GOAL OF THE EXERCISE - Locate "komedia konfesjonał plakat" in the records below, then copy its line and every following line exactly, without the pictures.

#### SUPPLIED INFORMATION ####

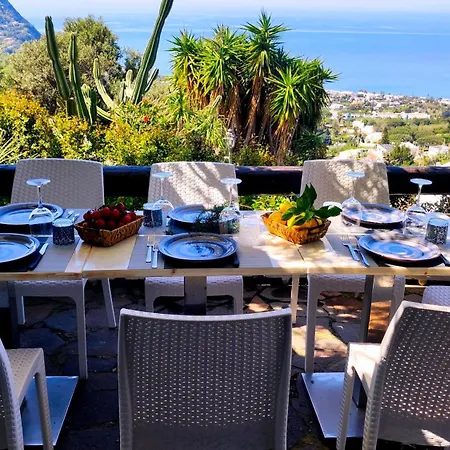 Villa Terrazza Di Tifeo *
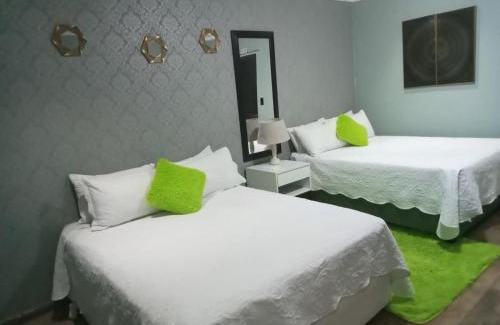 Vredefort House | Ikamva Guest House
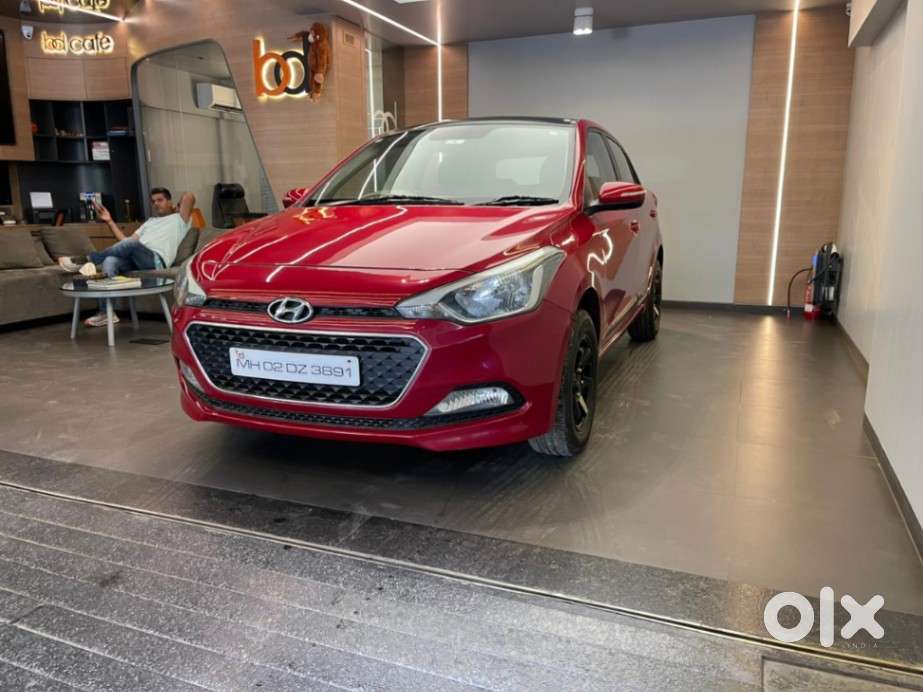 Hyundai Elite I20 Sportz 1.2 Opt, 2015, Petrol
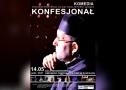 komedia konfesjonał plakat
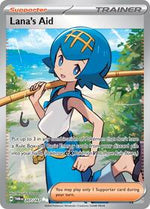 Lanas Aid 207 167 English - SV06: Twilight Masquerade [Near Mint]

####

SOLUTION FOR THIS PROBLEM -
 komedia konfesjonał plakat
 Lanas Aid 207 167 English - SV06: Twilight Masquerade [Near Mint]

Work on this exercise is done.